Iskan smiled at her exuberant expression. Did this man never stop smiling?
“Perhaps you will permit me to show you the palace? Unfortunately the second floor is out of bounds to anyone other than the Sovereign Prince and his family, but there are many splendid chambers on the ground floor as well.”
“Please Kabira, may we?” Lehan was practically jumping up and down with glee. I laid a calming hand on her shoulder and it seemed to remind her of befitting harika conduct. She stilled and lowered her gaze.
“That is most kind of you, che. But two unmarried young women…” I let the sentence hang in the air, unfinished. It was most unbecoming that I should need to remind him of the rules of propriety.
His big brown eyes opened wide and he looked quite appalled. “I should never dream of escorting you alone! My nurse will accompany us as chaperone, natu
rally.”
Lehan peered up at me through her thick eyelashes. I pursed my lips and looked at Iskan, and saw a sort of mischief sparkle in his eyes. He was poking fun at me!
“Very well. Come along, Lehan.”
I started hastily towards the steps leading up to the gilded doors and Lehan squealed and scurried after. We waited a moment in the shade of the bloodsnail-red baldachin hanging above the doors, and Iskan soon joined us with an old woman, dressed in white, leaning on his arm. She nodded at us sternly but Iskan did not present her. Instead he threw open the doors and showed us in with a grandiose gesture.

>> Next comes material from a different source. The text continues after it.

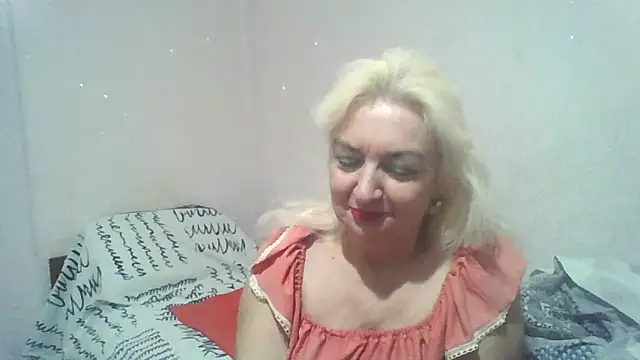 Snapshot of Meri798 chatting on 03/01/25, 10:10 Meri798 online show from 03/01/25, 10:10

“As if the palace were his own,” I whispered to Lehan, but she was already gaping at the entrance hall’s marble floor and the stunning painted screens dressing every wall. The nurse sat down on a stool in a corner, trying to catch her breath, and Iskan smiled at me.
“As you can see, cho. Everything is most decent.”
I scoffed, because I did not know how to respond. He walked over to Lehan, who had stopped before a screen that depicted a ship in front of a green island in the midst of a storm.
“This piece is by Master Liau ak Tiwe-chi.”
Lehan’s eyes grew wide. “That means it’s over four hundred years old!”
“The Sovereign has much older treasures in his collections,” said Iskan genially, and Lehan blushed. She rushed over to the next screen.
“Is she a devotee of fine art, your sister?” Iskan asked, appearing at my side. I was standing with arms crossed and my hands tucked into my sleeves. Mother would have shuddered to see me so, and I noticed the old nurse scowl.
“No, she is not. She simply likes anything that is pretty, golden or expensive.” I softened. “Though our father has seen to it that all of his children receive an education in the classics.”
“Let me see, your father is Malik ak Sangui-cho. And your estate lies in the north-west, towards the Halim mountains?”